Be careful! No bloody shin pics PLEASE!! Def step down.

For the supine barbell row, set the bar in the rack low enough that you'll be at a challenging angle, ideally your body is close to horizontal when your arms are extended. Position yourself under the bar with arms straight, shoulders slightly behind the bar. Keep a rigid body position with knees, hips and shoulders in a straight line. Pull your body up to make chest contact with the bar and lower back to straight arms.

If you choose to do the bent over row, you will deadlift the bar to just below the knee. From here, keeping the torso position set and the chest lifted - you will pull the elbows back and bring the bar to just below the chest. Keep the belly tight. Bring the bar back to just below the knee with the arm straight at the bottom. No kipping or pulling your CHEST down!

PROGRAM A

PROGRAM A

WARM UP

Full Body Simple Warm Up
Box Jump Warm Up

WORKOUT

10 Rounds

7 Seated Box Jumps
7 Ring or DB Bent Over Rows

RX Men: 22-24" Box Height - Seat height right at or below parallel - if doing bent over rows - 40-50# DBs

RX Women: 18-20" Box Height - Seat height right at or below parallel - if doing bent over rows - 25-35# DBs

RX +: 10 Reps of Each Per Round

Score: Total Time
Goal: Don't rush this workout. This is more for quality than time.

Set a nice slow pace that you can complete the reps with really solid technique and minimal rest.

If unable to do seated box jumps - unable to jump - sub weighted step ups.

If you need to do this on something MUCH lower - that's great. We'd rather see seated to practice the skill with a lower jump than regular box jumps at that height.

For this one we will start in a seated position at or just below parallel. You can sit on a low box, stack of plates - or whatever you can just to make that happen.

In this seated position you will have the heels down roughly hip width apart. You need to be completely sitting - with the chest up.

Use the ARMS!! Throw arms and jump from that dead stop position!
You will want to think of exploding UP and then pulling the knees up FAST!!

Be careful! No bloody shin pics PLEASE!! Def step down.
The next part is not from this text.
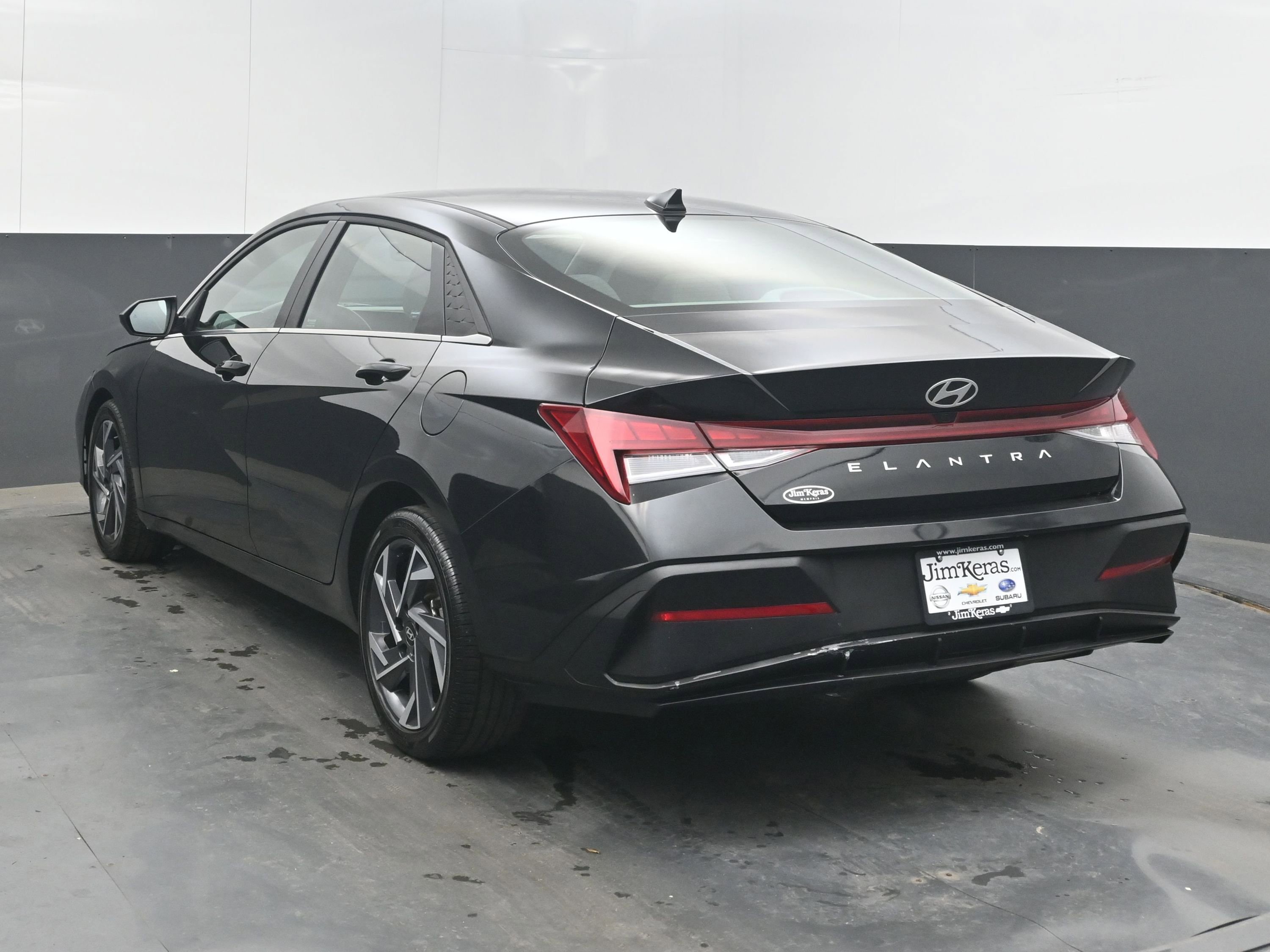 Used 2025 Hyundai Elantra SEL image 8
For the ring/TRX row, keep your belly tight and shoulders drawn back and down. Ideally your body is horizontal with your feet elevated on a bench or box. Otherwise, choose an angle that is challenging but that you can maintain a rigid body position. Make sure you extend your arms fully at the beginning of each rep.

If you choose bent over rows, you will deadlift the dumbbells to just below the knee. From here, keeping the torso position set and the chest lifted - you will pull the elbows back and bring the dumbbells to just below the chest. Keep the belly tight. Bring the dumbbells back to just below the knee with the arms straight at the bottom. No kipping or pulling your CHEST down!

MOVEMENT TIP
MAMA MODIFICATIONS

SEATED BOX JUMPS -

This is going to be all about managing the impact and pressure to your core and pelvic floor. For mamas early in pregnancy or further along in rebuilding of postpartum, you can try a lower height box to jump to or a higher height box to sit from. Focus on your breath and posture throughout the movement and do less reps if that helps you concentrate on good technique and awareness in your body. You can ALWAYS substitute Step Ups if you want zero impact or even KB Swings or Thrusters if you want to get a little more explosive with your hips. For pregnant mamas, please remember that if you are unsure if you can complete the movement because of balance, strength, or coordination it may not be worth the risk of potentially falling or busting up your shins!

RING ROWS/DB BENT ROWS/TRX ROWS -

If you find that these movements create a lot of pressure and/or coning in the belly you can try elevating a standing Banded Lat Pull Down.